Inhance fluorinates 200 million containers a year which are used to package diverse products ranging from fuels to foodstuffs, cosmetics, and cleaning products which consumers and workers use on a daily basis.
"EPA has found that these containers constitute a public health threat, a long-awaited determination that also should encompass the public's right to know," CEH counsel Bob Sussman, who is also a former senior EPA official, said in a statement announcing the new lawsuit.
Used in a broad range of products from clothing to nonstick cookware to firefighting foam, PFAS is linked to cancers of the kidneys and testicles, low infant weight, suppressed immune function, and other adverse health effects.

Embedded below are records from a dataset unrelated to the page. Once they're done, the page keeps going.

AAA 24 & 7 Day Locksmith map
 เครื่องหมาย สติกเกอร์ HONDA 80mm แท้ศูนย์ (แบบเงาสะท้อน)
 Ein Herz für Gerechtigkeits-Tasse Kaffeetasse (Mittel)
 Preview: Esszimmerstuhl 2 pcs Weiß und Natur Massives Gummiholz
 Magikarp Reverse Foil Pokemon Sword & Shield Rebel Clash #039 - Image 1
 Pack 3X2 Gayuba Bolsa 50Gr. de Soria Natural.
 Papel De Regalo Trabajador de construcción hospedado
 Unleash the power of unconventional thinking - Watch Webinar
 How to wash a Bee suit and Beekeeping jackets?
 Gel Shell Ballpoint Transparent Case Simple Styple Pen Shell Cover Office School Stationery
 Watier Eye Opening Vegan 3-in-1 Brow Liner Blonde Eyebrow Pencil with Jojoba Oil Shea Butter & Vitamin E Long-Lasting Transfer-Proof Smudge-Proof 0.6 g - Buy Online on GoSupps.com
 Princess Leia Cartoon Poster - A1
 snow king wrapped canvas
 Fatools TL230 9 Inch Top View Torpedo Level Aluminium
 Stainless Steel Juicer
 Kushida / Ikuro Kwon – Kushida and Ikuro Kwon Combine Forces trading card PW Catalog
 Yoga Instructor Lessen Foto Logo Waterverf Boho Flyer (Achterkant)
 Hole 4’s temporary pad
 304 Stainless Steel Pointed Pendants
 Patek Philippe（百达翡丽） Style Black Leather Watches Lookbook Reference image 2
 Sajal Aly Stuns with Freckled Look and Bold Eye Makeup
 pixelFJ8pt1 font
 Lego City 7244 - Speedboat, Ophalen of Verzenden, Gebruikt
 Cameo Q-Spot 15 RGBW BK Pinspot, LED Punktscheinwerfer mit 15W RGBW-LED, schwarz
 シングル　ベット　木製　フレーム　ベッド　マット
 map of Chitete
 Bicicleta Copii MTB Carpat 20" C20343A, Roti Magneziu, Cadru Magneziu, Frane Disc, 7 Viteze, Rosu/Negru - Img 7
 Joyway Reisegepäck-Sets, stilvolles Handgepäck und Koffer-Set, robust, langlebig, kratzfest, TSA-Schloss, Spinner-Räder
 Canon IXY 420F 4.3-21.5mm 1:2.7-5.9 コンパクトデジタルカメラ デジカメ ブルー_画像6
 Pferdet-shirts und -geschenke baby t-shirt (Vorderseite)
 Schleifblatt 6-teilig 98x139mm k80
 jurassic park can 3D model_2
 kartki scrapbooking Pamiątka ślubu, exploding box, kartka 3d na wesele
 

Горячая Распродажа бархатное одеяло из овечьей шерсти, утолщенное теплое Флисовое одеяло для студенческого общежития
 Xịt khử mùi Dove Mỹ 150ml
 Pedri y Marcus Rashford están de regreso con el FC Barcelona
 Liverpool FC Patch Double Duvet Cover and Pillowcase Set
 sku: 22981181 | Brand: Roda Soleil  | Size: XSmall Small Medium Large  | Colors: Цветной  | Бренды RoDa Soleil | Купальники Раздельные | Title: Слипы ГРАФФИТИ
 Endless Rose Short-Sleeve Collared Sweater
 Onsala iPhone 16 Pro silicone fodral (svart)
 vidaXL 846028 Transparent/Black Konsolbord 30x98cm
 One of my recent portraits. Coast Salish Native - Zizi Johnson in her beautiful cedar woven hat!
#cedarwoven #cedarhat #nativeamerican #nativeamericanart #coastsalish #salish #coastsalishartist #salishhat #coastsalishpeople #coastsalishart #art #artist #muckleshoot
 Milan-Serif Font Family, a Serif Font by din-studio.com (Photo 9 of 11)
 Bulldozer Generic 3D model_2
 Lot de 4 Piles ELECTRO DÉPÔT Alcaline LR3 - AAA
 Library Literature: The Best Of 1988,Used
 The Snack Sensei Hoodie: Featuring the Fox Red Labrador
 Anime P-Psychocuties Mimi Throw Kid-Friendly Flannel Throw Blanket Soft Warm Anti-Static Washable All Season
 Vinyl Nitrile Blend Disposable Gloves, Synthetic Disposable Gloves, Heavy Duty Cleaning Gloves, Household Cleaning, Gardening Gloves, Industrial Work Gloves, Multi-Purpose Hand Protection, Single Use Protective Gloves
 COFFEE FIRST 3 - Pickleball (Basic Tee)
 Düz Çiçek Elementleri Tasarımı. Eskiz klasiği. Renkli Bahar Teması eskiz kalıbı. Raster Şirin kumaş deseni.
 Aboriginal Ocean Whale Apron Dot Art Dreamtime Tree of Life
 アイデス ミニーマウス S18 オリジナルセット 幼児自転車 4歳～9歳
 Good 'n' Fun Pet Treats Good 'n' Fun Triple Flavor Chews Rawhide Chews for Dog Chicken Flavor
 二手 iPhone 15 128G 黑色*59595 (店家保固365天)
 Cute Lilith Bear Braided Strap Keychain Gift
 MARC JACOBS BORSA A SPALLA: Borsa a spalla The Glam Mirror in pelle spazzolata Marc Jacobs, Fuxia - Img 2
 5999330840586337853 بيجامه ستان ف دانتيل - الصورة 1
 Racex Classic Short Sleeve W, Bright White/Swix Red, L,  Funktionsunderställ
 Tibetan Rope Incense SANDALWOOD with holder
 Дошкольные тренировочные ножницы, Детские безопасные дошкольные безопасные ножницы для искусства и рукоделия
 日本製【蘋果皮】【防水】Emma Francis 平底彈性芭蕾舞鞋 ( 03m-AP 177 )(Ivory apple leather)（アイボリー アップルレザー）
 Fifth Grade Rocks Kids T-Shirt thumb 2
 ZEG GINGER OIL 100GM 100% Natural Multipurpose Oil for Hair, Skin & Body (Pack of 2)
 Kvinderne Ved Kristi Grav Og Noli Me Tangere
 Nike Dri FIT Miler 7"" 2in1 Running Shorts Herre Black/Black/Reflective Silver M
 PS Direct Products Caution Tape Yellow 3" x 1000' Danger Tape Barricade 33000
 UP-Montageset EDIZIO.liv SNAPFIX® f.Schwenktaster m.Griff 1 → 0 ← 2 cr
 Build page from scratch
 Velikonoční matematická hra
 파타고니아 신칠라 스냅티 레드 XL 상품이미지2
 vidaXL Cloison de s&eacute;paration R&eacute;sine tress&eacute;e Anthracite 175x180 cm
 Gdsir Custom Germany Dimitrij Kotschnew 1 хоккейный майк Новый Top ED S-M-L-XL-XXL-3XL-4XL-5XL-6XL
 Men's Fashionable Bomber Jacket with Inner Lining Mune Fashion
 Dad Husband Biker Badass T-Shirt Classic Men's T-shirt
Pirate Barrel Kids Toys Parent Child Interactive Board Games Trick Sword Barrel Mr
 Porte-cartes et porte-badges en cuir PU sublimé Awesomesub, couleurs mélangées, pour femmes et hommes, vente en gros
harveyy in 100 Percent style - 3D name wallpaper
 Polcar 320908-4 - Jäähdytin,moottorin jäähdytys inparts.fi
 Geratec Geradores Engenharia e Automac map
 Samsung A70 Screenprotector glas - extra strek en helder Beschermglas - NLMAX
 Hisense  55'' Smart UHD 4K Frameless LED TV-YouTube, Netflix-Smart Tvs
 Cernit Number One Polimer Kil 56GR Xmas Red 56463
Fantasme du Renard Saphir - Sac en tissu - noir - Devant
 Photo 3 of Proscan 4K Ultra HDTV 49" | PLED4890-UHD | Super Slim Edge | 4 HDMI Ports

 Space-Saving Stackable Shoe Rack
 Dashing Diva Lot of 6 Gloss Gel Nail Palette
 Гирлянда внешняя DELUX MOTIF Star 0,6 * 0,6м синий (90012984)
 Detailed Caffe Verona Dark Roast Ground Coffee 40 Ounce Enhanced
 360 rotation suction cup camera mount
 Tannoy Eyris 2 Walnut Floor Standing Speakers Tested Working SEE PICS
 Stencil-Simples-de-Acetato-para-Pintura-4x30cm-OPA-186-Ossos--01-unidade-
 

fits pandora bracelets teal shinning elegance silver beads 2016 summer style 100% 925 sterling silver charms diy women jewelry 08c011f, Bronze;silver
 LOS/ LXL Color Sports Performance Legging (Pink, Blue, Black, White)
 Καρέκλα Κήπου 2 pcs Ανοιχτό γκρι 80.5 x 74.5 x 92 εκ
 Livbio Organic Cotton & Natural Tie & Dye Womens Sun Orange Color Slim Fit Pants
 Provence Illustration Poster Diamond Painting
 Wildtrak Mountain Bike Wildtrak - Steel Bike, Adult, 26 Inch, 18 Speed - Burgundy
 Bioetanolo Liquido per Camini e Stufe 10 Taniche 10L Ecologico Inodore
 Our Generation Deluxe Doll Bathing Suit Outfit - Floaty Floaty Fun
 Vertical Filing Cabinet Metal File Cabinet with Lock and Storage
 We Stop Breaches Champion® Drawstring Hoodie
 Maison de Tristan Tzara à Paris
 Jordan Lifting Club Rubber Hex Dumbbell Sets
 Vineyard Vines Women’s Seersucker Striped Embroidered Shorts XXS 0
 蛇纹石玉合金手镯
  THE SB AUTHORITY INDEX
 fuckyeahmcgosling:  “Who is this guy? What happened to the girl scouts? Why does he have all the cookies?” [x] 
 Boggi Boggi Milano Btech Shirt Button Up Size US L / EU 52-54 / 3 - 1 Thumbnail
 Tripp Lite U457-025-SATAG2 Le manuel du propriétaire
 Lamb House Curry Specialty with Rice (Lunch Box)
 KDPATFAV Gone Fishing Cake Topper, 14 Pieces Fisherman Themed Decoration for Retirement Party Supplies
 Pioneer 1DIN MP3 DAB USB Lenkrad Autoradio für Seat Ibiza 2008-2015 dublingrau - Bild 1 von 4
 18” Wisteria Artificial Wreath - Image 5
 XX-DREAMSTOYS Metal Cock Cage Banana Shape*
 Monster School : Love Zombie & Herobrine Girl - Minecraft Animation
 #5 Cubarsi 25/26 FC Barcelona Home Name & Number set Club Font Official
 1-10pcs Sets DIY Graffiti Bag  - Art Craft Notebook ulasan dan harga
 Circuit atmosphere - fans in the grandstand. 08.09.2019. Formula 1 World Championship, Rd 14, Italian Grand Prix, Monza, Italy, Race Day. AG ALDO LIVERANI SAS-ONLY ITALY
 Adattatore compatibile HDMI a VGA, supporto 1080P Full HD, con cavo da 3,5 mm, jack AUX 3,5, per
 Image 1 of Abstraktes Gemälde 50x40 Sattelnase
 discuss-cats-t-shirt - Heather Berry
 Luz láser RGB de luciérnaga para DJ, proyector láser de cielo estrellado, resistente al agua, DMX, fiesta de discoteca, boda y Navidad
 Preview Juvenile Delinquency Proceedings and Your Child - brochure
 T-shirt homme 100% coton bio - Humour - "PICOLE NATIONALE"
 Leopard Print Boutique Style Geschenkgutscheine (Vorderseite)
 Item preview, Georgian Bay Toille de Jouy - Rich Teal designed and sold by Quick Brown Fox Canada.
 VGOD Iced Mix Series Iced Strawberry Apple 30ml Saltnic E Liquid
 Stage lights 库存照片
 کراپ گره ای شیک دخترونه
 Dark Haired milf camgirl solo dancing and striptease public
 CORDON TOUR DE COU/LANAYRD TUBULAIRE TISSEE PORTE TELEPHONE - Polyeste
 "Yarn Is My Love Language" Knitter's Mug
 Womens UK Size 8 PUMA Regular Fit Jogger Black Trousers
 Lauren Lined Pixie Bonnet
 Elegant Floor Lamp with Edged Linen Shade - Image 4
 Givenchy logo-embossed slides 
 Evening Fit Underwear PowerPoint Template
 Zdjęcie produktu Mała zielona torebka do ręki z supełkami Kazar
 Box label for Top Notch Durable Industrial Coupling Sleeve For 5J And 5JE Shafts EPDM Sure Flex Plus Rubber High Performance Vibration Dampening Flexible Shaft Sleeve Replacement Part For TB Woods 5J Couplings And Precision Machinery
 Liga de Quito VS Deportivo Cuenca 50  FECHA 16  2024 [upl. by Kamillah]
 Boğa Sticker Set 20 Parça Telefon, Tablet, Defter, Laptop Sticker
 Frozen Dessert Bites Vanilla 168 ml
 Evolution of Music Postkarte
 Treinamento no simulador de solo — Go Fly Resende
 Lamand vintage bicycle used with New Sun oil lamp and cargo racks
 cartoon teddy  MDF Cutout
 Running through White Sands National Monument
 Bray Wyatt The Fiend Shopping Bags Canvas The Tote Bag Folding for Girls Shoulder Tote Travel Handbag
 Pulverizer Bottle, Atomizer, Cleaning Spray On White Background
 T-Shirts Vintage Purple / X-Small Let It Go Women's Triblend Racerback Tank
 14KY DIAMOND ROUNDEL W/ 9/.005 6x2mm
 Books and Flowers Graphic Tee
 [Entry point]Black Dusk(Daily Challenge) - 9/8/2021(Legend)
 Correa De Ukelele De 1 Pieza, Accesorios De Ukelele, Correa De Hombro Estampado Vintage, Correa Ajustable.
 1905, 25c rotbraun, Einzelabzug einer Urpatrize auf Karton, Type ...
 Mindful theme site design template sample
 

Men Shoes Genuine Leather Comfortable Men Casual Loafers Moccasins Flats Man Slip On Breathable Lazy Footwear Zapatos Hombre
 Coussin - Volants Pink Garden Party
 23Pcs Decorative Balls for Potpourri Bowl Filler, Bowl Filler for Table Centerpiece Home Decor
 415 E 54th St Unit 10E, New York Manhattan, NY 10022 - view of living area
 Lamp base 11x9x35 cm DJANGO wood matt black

It is found in the blood of 99% of Americans and a similar percentage of people around the world.
"Given the unquestionably major public health stakes, EPA should be stepping up and maximizing access to health and safety data, but the agency is disclosing vital information only grudgingly and with lingering secrecy even though disclosure is mandated by TSCA," Sussman lamented.
Colleen Teubner, PEER's litigation and policy attorney, asserted that "the cloak of confidential business information cannot be used to hide health and safety studies as EPA is currently doing."
"By sitting on this critical information, EPA is advancing the private interests of a corporate violator and shirking its public health responsibilities," she added.
The new lawsuit follows a December 2022 court filing by PEER and CEH seeking to stop Inhance from generating forever chemicals during the manufacture of plastic containers.
Thousands of PFAS-related lawsuits have been launched in U.S. courts over recent decades.